Call to expand cancer remit for practice nurses

The role of practice nurses should be expanded to provide routine support and follow up to cancer survivors, according to one of the country’s leading GPs.

Speaking last week in a conference on the Cancer Reform Strategy, Steve Field, chair of the Royal College of General Practitioners, said primary care could improve the way it dealt with patients who had previously had cancer.

He said: “I’m quite taken with the role of the specialist breast cancer nurses and certainly, from personal experience, they provide support emotionally and physically.

“I just wonder whether we should look at expanding that role in primary care,” he told delegates at the Westminster Health Forum event.

He said that while it was something GPs could start to do, a “better alternative” could be looking at “expanding the role of the nursing community to do that sort of role”.

Cancer charity representatives also warned that clinical nurse specialist posts had to be protected.

Roy Castle Lung Cancer Foundation chief executive Rosemary Gillespie said: “There’s evidence that in times of financial constraint the CNSs tend to get taken away from their core duties and used elsewhere in hospitals, and I have experienced that happening.

“We need to ensure cancer nurse specialist posts are maintained and protected across the board. These nurses are vital for supporting patients and their families,” she said.

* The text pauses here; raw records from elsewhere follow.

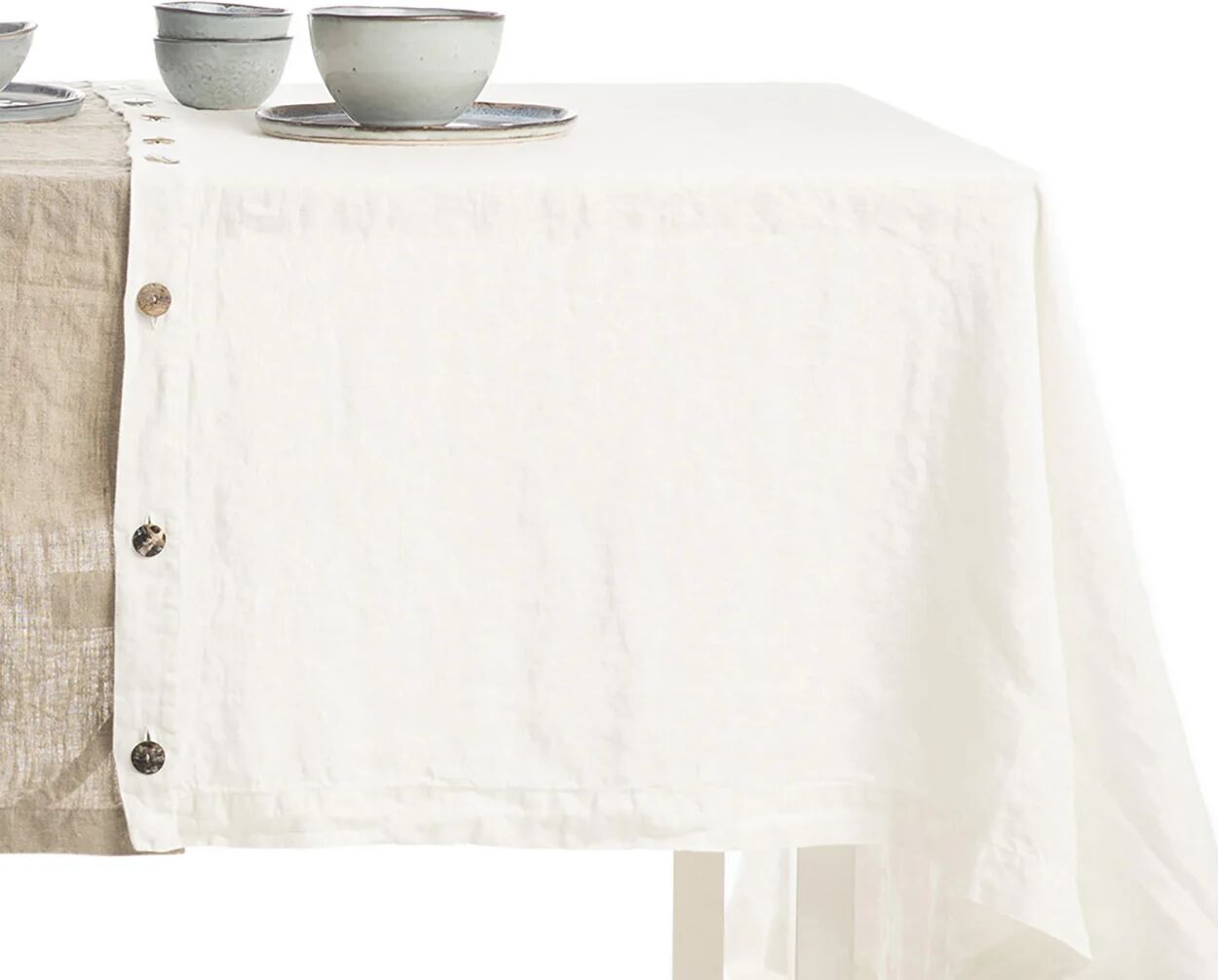La Fabbrica del Lino Set 2 tovaglie modulari + Runner bottone centrale, greggio/ecru La Fabbrica del Lino Set 2 tovaglie modulari + Runner bottone centrale, greggio/ecru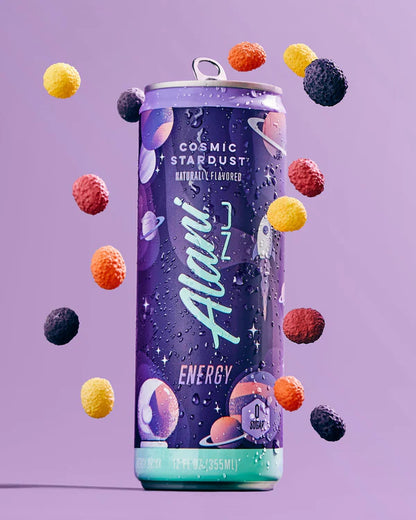 Alani Nu Cosmic Stardust Energy Drink lifestyle photo — sugar-free 12 pack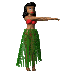 Animated sequence of a woman in red bikini top and green grass skirt performing hula dance poses against gray background.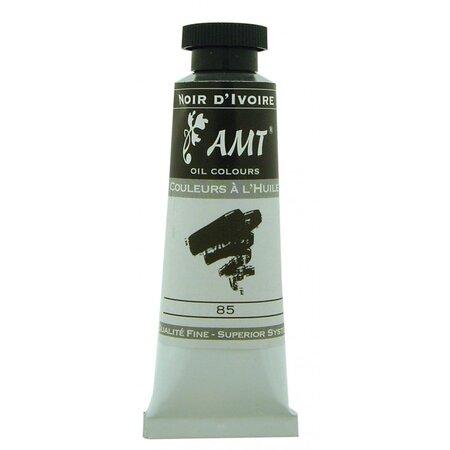 Peinture à l'huile fine en tube noir d'ivoire 45ml - amt
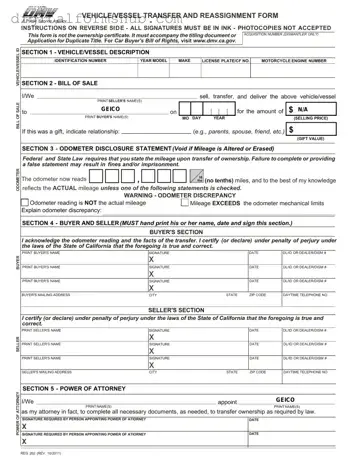 Free California Fotm Reg 262 Form in PDF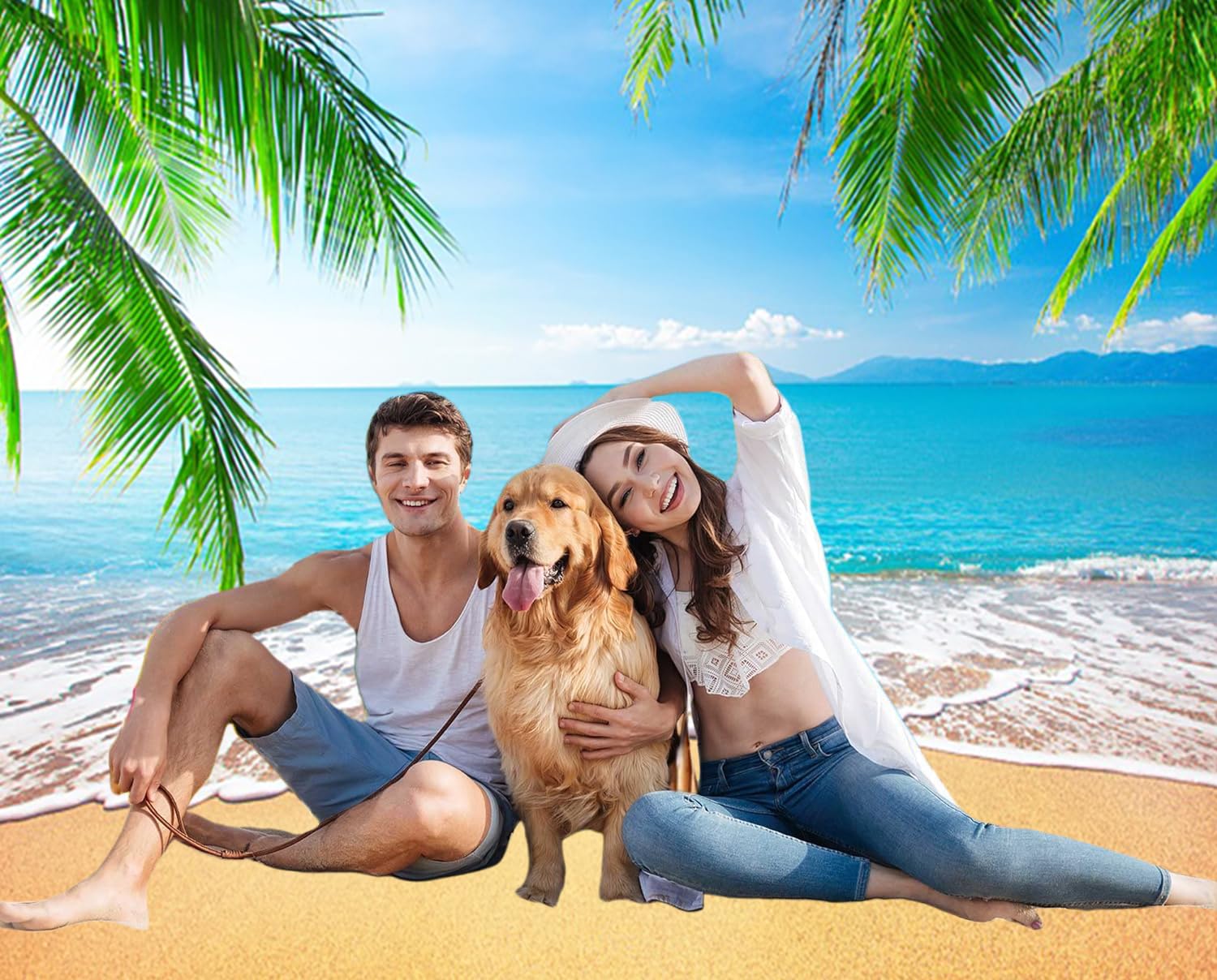 3x2m Sfondo Spiaggia estate tropicale foglie di palma mare isola blu mare cielo fotografia sfondo matrimonio sposa baby shower compleanno Luau Party decorazioni Banner Photo Booth Props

She added: “What CNSs really, really need is cast iron evidence that they are delivering outcomes, including financial outcomes.”

Conservative health spokesman Mark Simmonds hinted that a future Tory government would be against trusts redirecting clinical nurse specialists to other roles.

He said: “We think that all too often specialist nurses are pulled into other areas of responsibility.

“We don’t think there are enough of them and certainly we would like to get into the position where every single cancer patient has a specialist nurse allocated to them,” he added.  

Arnie Purushotham, director of the King’s Health Partners Integrated Cancer Centre, said: “They’re a fundamental group of healthcare professionals for cancer patients and any compromise on that will be to the detriment of patients’ wellbeing.”